Question

Two whole numbers are such that the cube of first number exceeds the cube of second by 61 and the ratio of the numbers is 5:4. What is the value of larger number?

A) 3 B) 4 C) 5 D) 6

Answer 1

$\large\bf\underline{Given:-}$

• Cube of first number exceeds the cube of second number by 61

• Ratio of the numbers is 5 : 4

$\large\bf\underline {To \: find:-}$

• Value of larger number.

$\huge\bf\underline{Solution:-}$

≫ Ratio of two numbers = 5:4

Let the two numbers be 5x and 4x.

$\large \: \: \: \underbrace{ \dag \bf \: According \: to \: question}$

The cube of first number exceeds the cube of second by 61.

»» (5x)³ - (4x)³ = 61

»» 125x³ - 64x³ = 61

»» 61x³ = 61

»» x³ = 61/61

»» x³ = 1

»» x = 1

• ★ So, we get the Value of x = 1.

Larger number 5x = 5 × 1 = 5

Therefore,

• ≫ the Value of larger number is 5.

Answer 2

Answer:

$\sf{C) \ 5 \ is \ the \ correct \ option. }$

Given:

• Two whole numbers are such that the cube of first number exceeds the cube of second by 61 .
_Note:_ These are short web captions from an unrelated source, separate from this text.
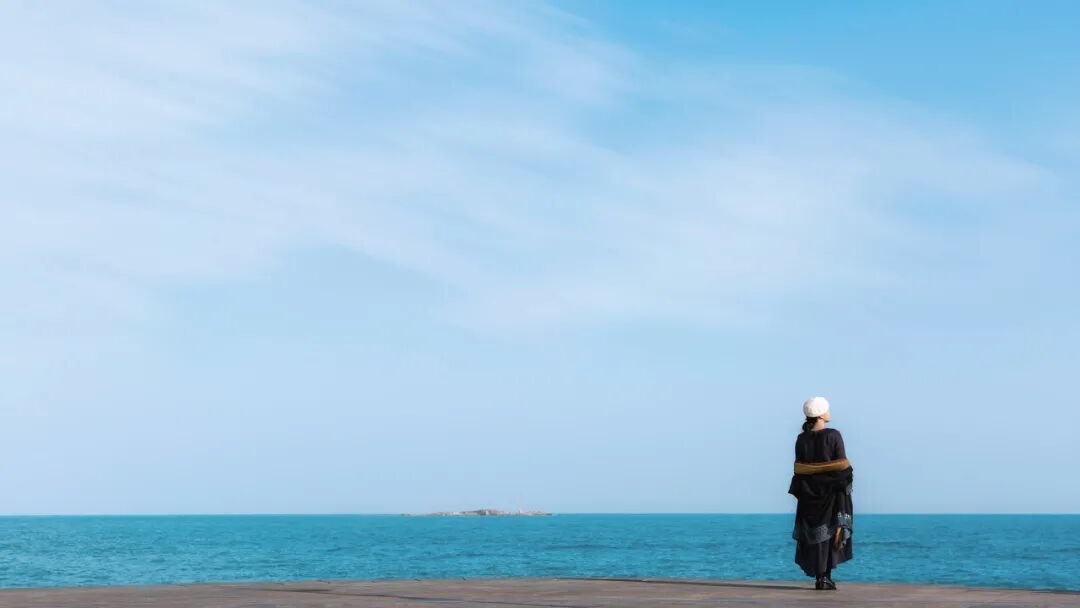 逆向思维解决生活难题_换个角度看问题_生活逆向思维应用故事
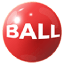 XỔ SỐ PETABALL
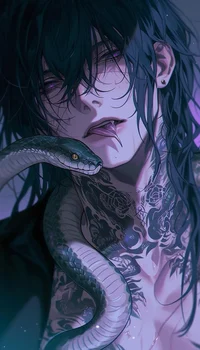 Haoran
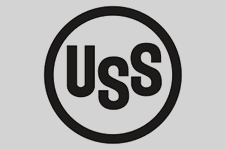 US Steel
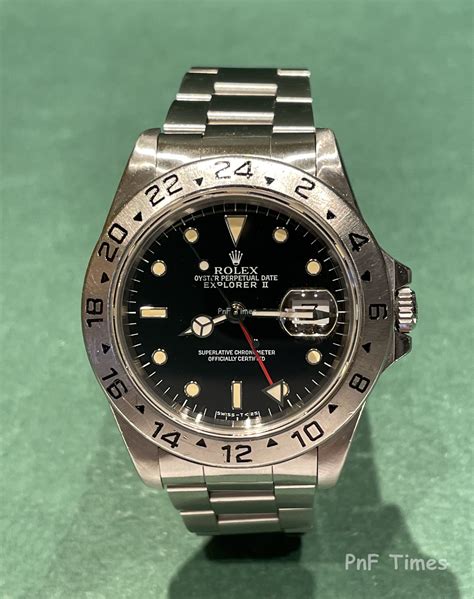 rolex 16570 t25|Rolex 16570 price.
• The ratio of the numbers is 5:4.

To find:

The value of larger number.

Solution:

$\sf{Let \ the \ constant \ be \ x.}$

$\sf{\therefore{The \ numbers \ are \ 5x \ and \ 4x}}$

$\sf{According \ to \ the \ given \ condition. }$

$\sf{(5x)^{3}-4x^{3}=61}$

$\sf{\therefore{125x^{3}-64x^{3}=61}}$

$\sf{\therefore{61x^{3}=61}}$

$\sf{\therefore{x^{3}=\frac{61}{61}}}$

$\sf{\therefore{x^{3}=1}}$

$\sf{On \ taking \ the \ cube \ root \ of \ both \ sides.}$

$\sf{\therefore{x=1}}$

$\sf{The \ larger \ number=5x=5(1)=5}$

$\sf\purple{\tt{\therefore{The \ value \ of \ the \ larger \ number \ is \ 5.}}}$